In fact, palladium enables car manufacturers to meet stricter emission standards, making it a secret weapon for fighting pollution going forward.
The world is in critical need of palladium today.
It’s the crucial metal in reducing harmful emissions from gas powered vehicles—as environmental standards tighten, cars are using more and more palladium, straining global supplies.
What is Palladium?
Palladium is one of six platinum group metals which share similar chemical, physical, and structural features. Palladium has many uses, but the majority of global consumption comes from the autocatalyst industry.
In 2018, total gross demand for the metal was 10,121 million ounces (Moz), of which 8,655 Moz went to autocatalysts. These were the leading regions by demand:
- North America: 2,041 Moz
- Europe: 1,883 Moz
- China: 2,117 Moz
- Japan: 859 Moz
- Rest of the World: 1,755 Moz
Catalytic Converters: Palladium vs. Platinum
The combustion of gasoline creates three primary pollutants: hydrocarbons, nitrogen oxides, and carbon monoxide. Catalytic converters work to alter these poisonous and often dangerous chemicals into safer compounds.
In order to control emissions, countries around the world have come up with strict emissions standards that auto manufacturers must meet, but these are far from the reality of how much pollutants are emitted by drivers every day.
Since no one drives in a straight line or in perfect conditions, stricter emissions testing is coming into effect. Known as Real Driving Emissions (RDE), these tests reveal that palladium performs much better than platinum in a typical driving situation.
In addition, the revelation of the Volkswagen emission scandal (known as Dieselgate) further undermines platinum use in vehicles. As a result, diesel engines are being phased out in favor of gas-powered vehicles that use palladium.
Where does Palladium Come From?
If the world is using all this palladium, where is it coming from?
Approximately, 90% of the world’s palladium production comes as a byproduct of mining other metals, with the remaining 10% coming from primary production.

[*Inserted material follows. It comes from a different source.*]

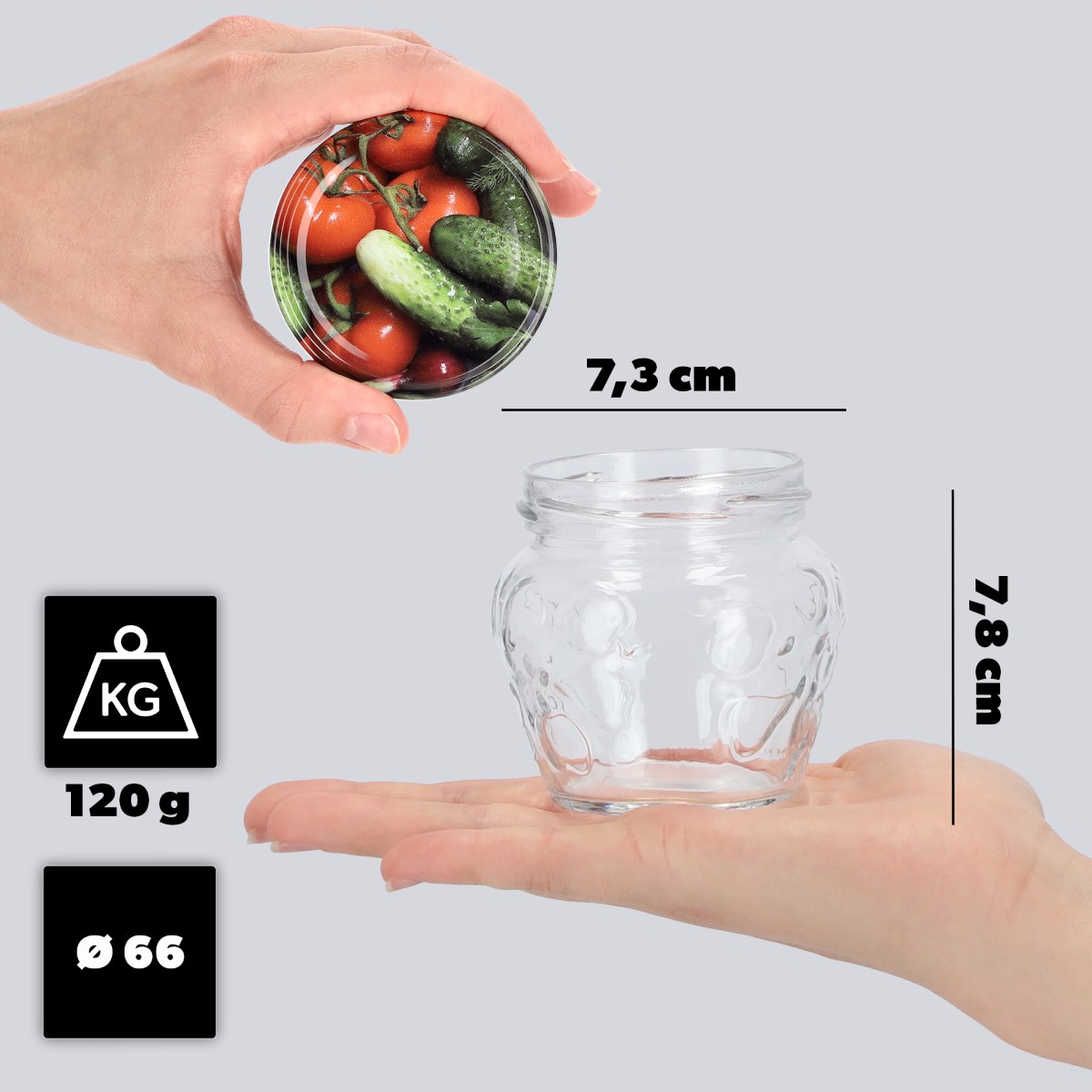 Słoiki Kemi 200ml 100szt 66mm + wieczka "Warzywa"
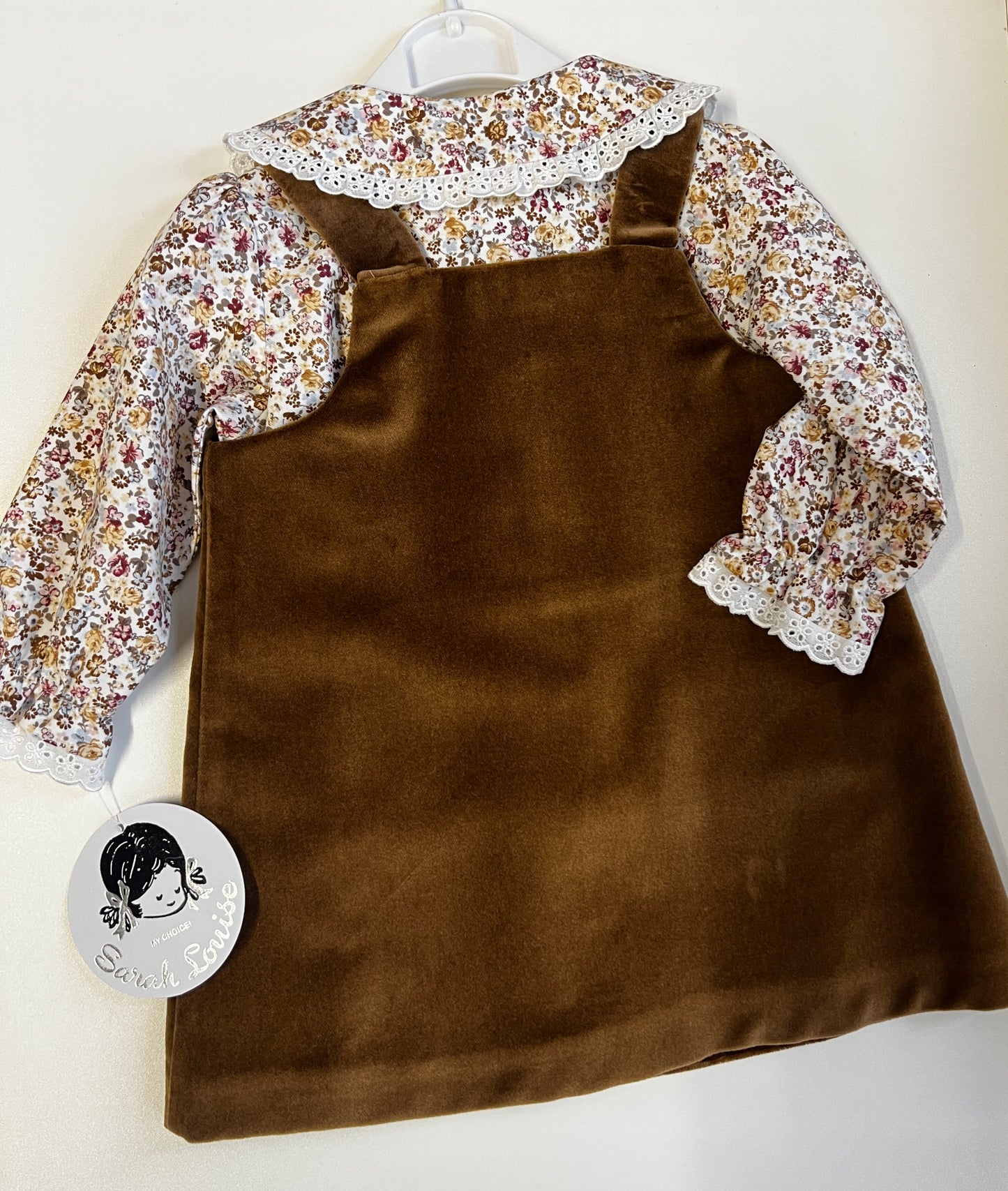 Sarah Louise 2 piece brown velvet pinafore and blouse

In 2018, there was a total of 6.88 million ounces of mine supply primarily coming from Russia and South Africa. Conflicts in these jurisdictions present significant risks to the global supply chain. There are few North American jurisdictions, such as Ontario and Montana, which present an opportunity for more stable primary production of palladium.
Long Road to Extinction
The current price of palladium is driven by fundamental supply and demand issues, not investor speculation. Between 2012 and 2018, an accumulated deficit of five million ounces has placed pressures on readily available supplies of above-ground palladium.
Vehicles with internal combustion engines (ICE) will continue to dominate the roads well into the future. According to Bloomberg New Energy Finance, it will not be until 2040 that ICE vehicles will dip below 50% of new car sales market, in favor of plug-in and hybrid vehicles. Stricter emissions standards will further bolster palladium demand.
The world needs stable and steady supplies of palladium today, and well into the future.